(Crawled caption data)
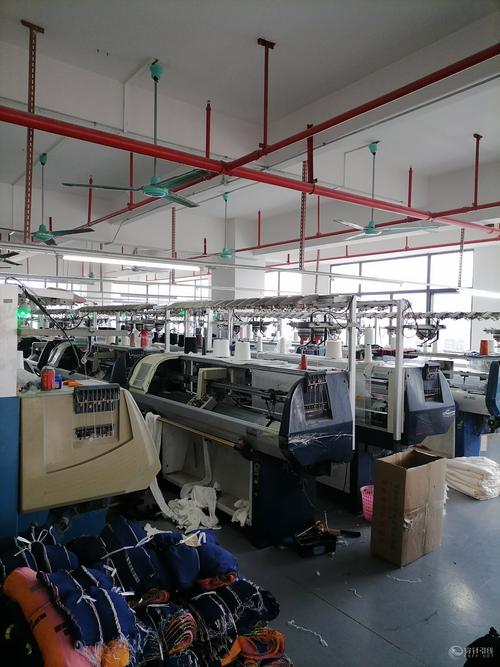 专业毛衣加工·包工包料·物美价廉——本厂诚接各类服饰加工订单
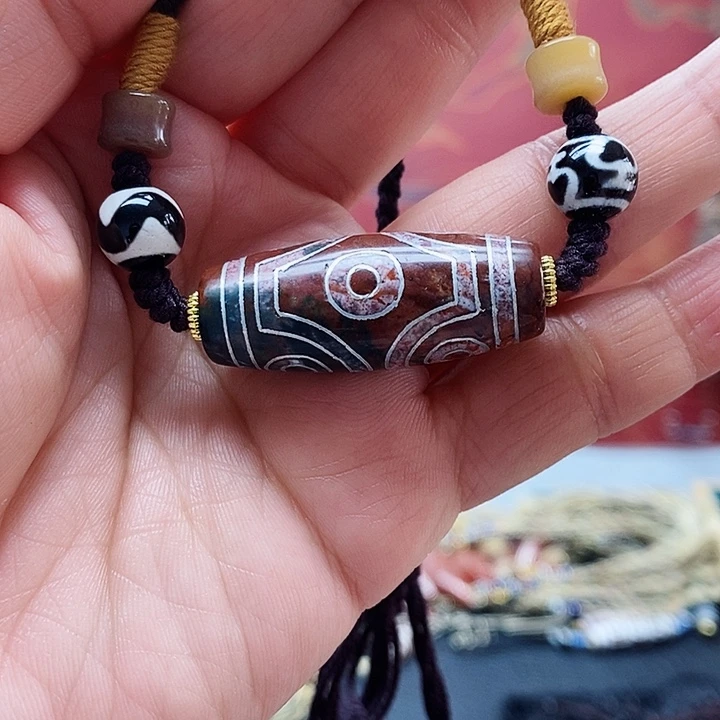 玛瑙/玉髓颈饰合金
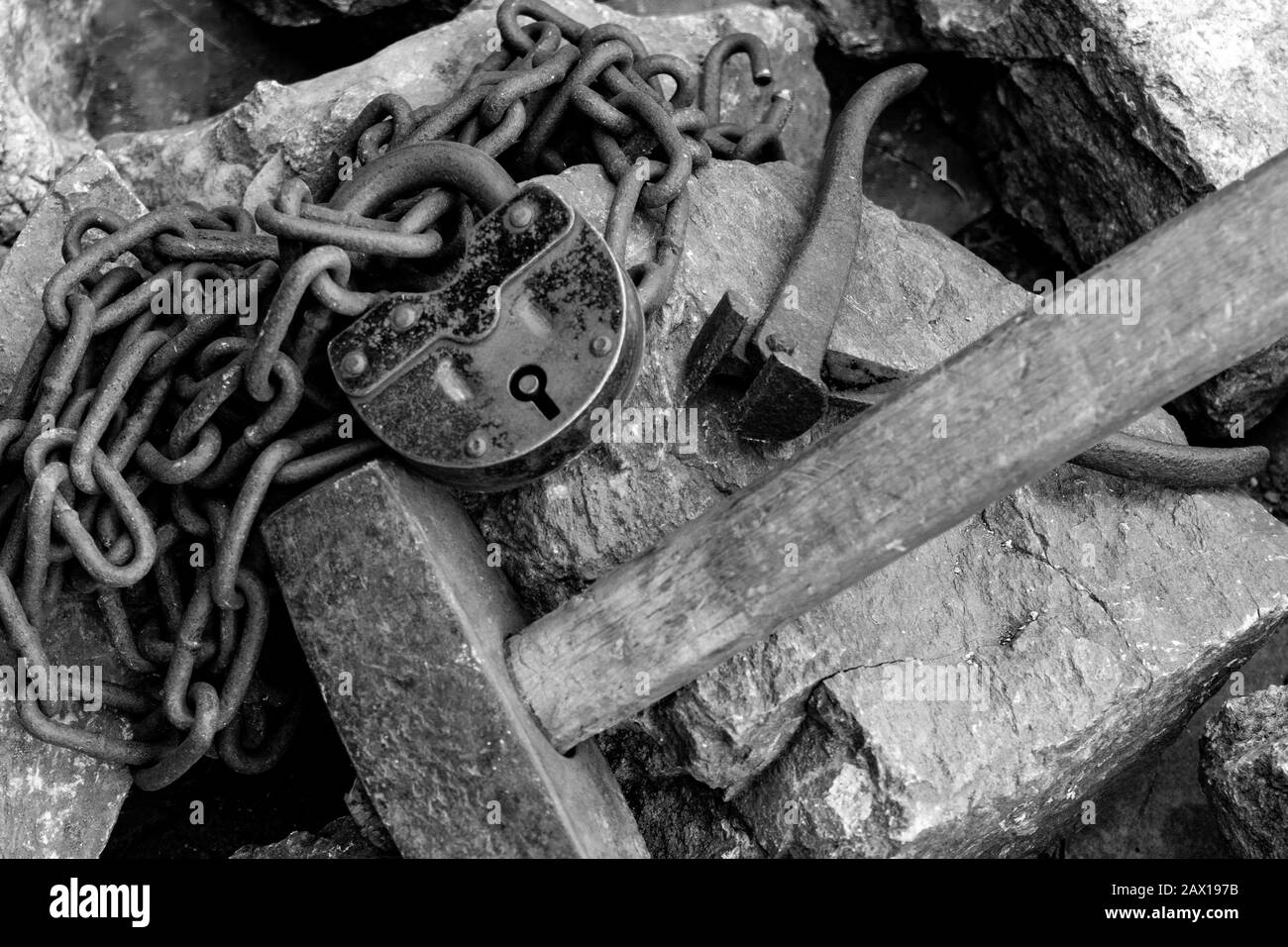 Rostige Kette auf das Mauerwerk. Das Symbol der Sklavenarbeit. Stockfoto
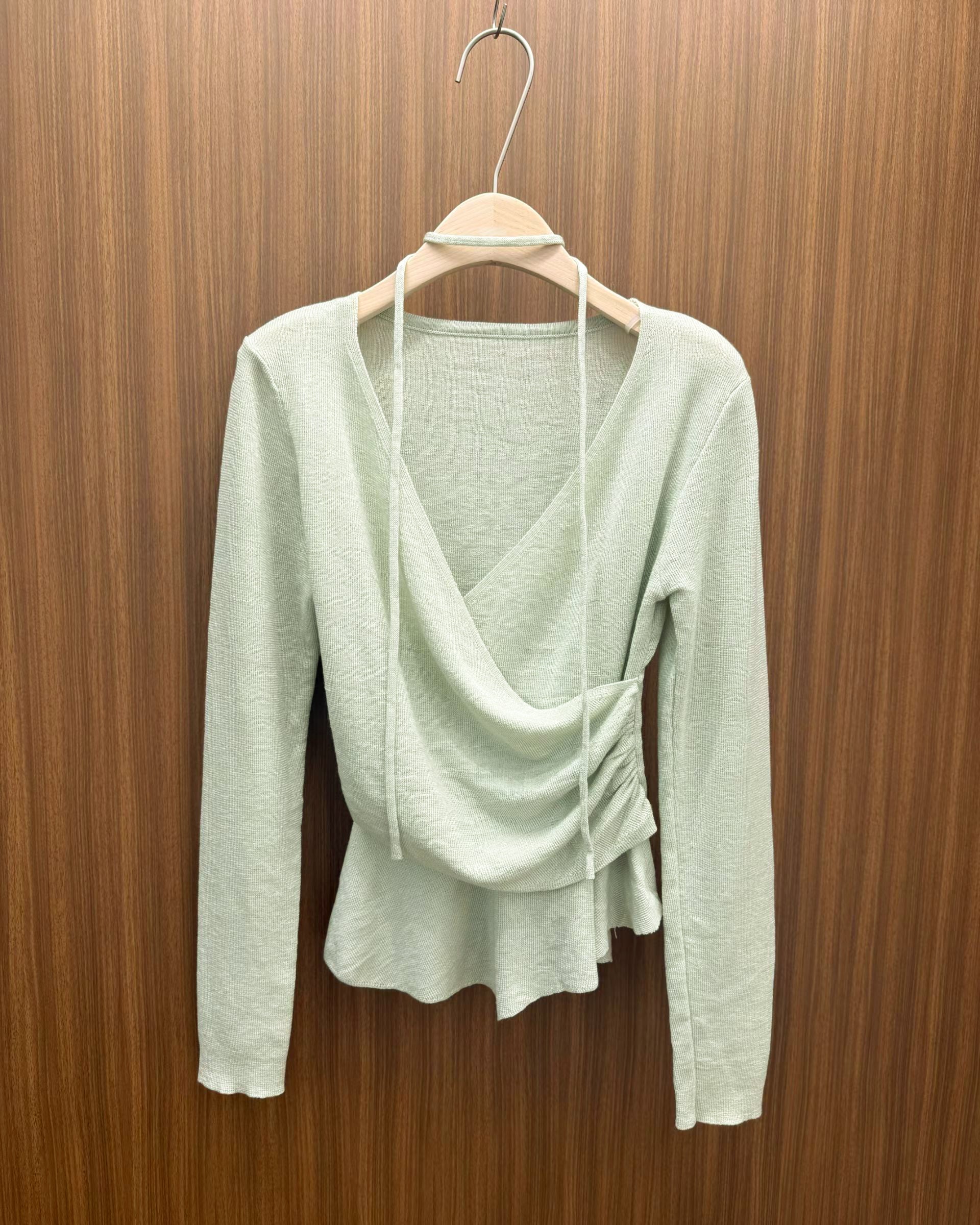 T191 Lune Wrap Top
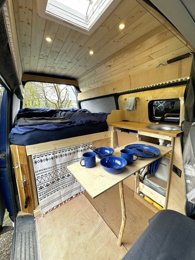 Furgoneta camper Volkswagen Volkswagen T5 En alquiler en Ki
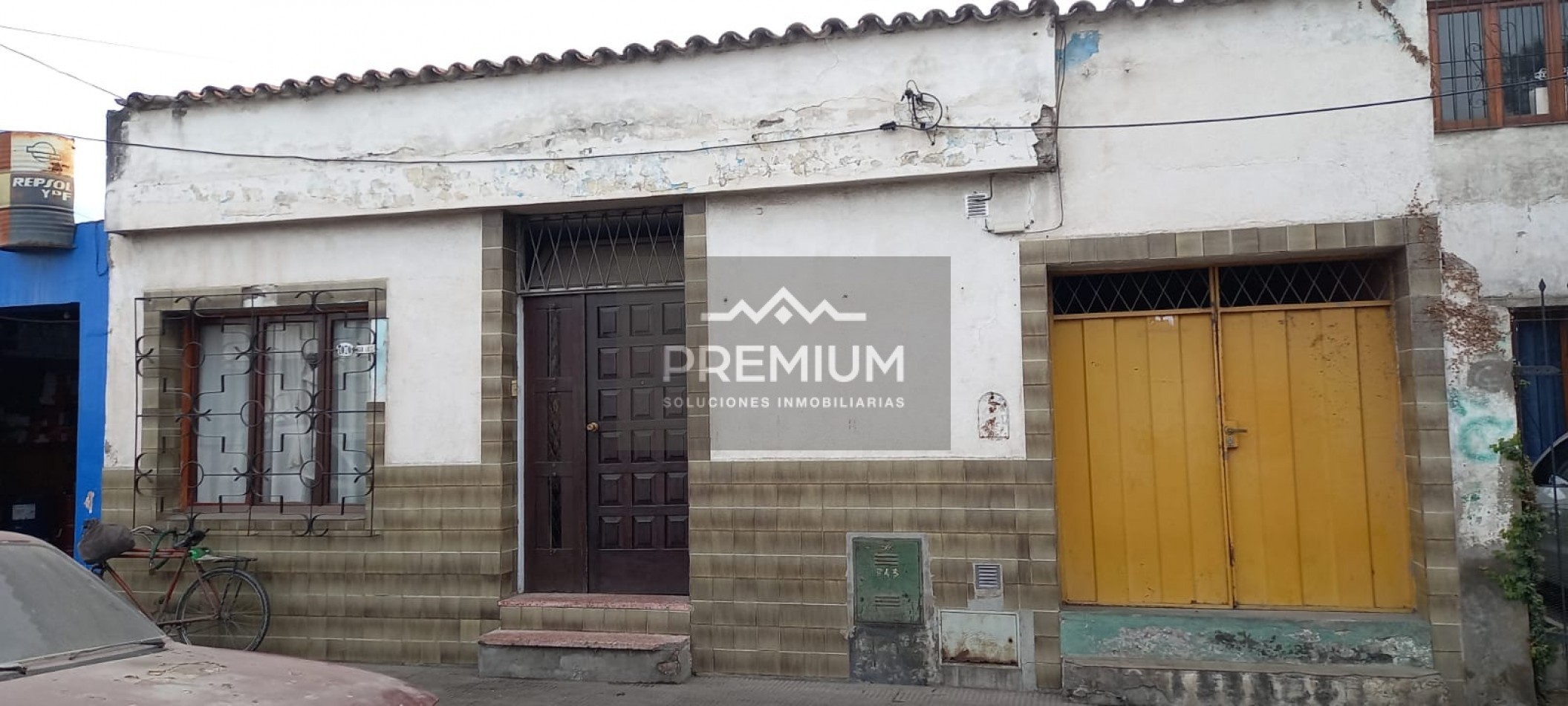 CASA EN VENTA SOBRE CALLE SAN LUIS ( ZONA COMERCIAL) 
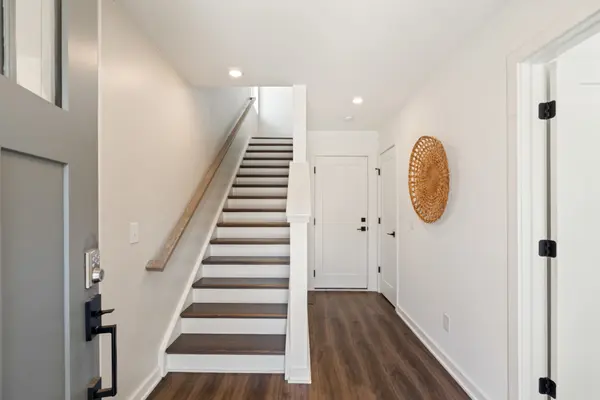 5710A California Ave, Nashville, TN 37209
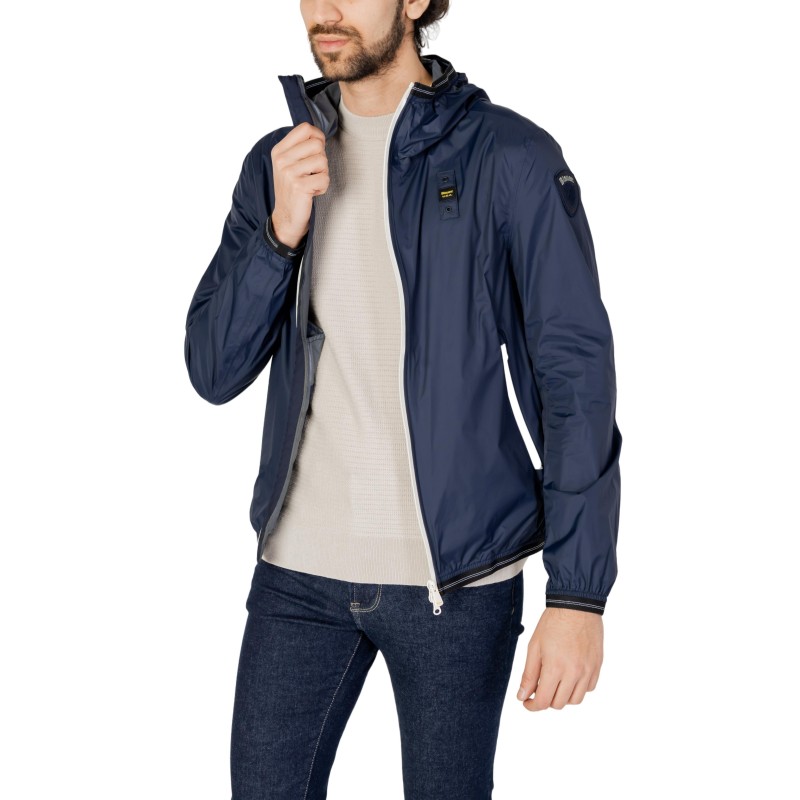 Blauer Jacket Man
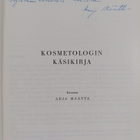 Anja Määttä : Kosmetologin käsikirja (signeerattu, tekijä... - pikkukuva 1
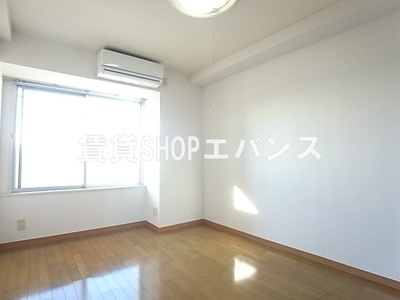 【居間・リビング】 | イーストワンビルディング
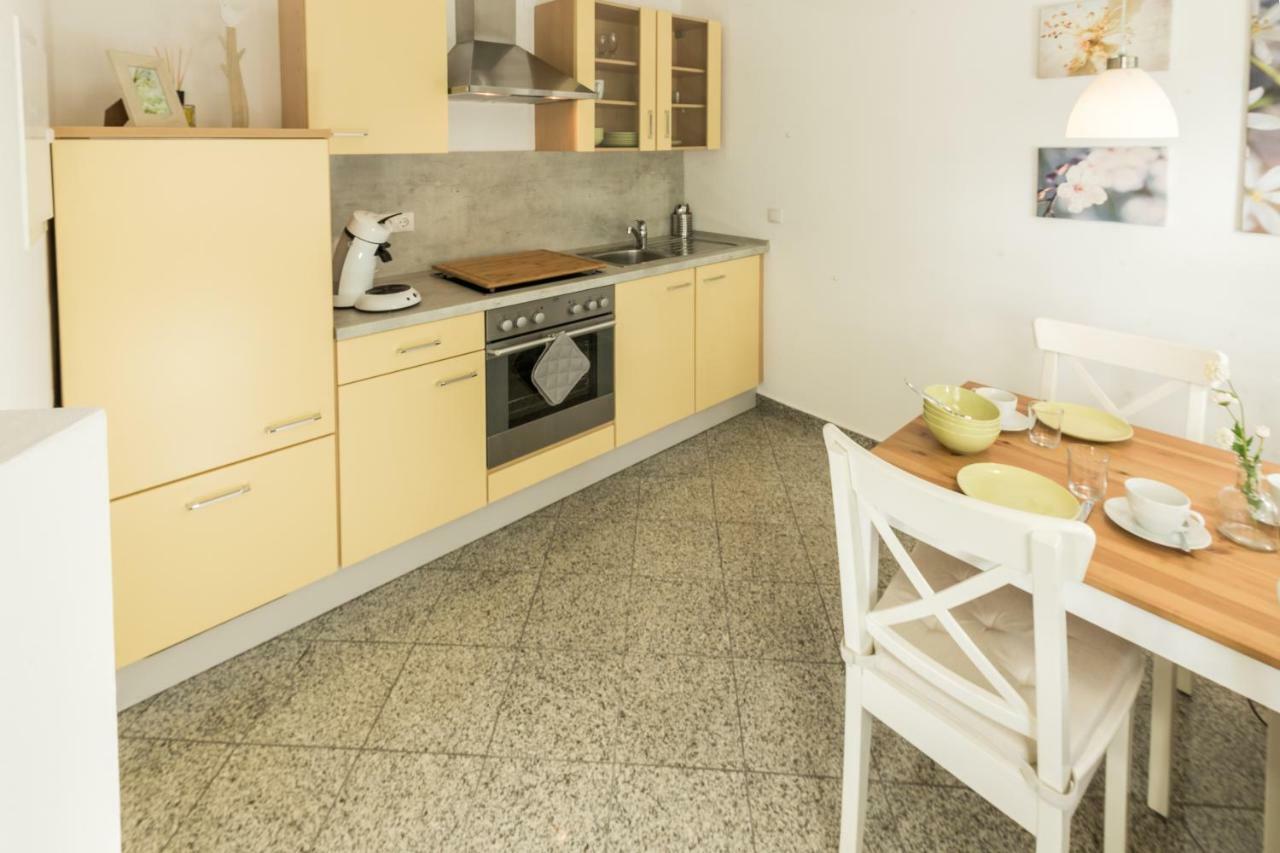 Weserwohnung - Bootshaus Urlaub Am Wasser Hamelin Exterior foto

§ TASK DIRECTIONS: Find the line with "5710A California Ave, Nashville, TN 37209". Reproduce it and every line after it through the last line above exactly, leaving out the pictures.

§ RESPONSE TO THE TASK:
 5710A California Ave, Nashville, TN 37209
 Blauer Jacket Man
 Anja Määttä : Kosmetologin käsikirja (signeerattu, tekijä... - pikkukuva 1
 【居間・リビング】 | イーストワンビルディング
 Weserwohnung - Bootshaus Urlaub Am Wasser Hamelin Exterior foto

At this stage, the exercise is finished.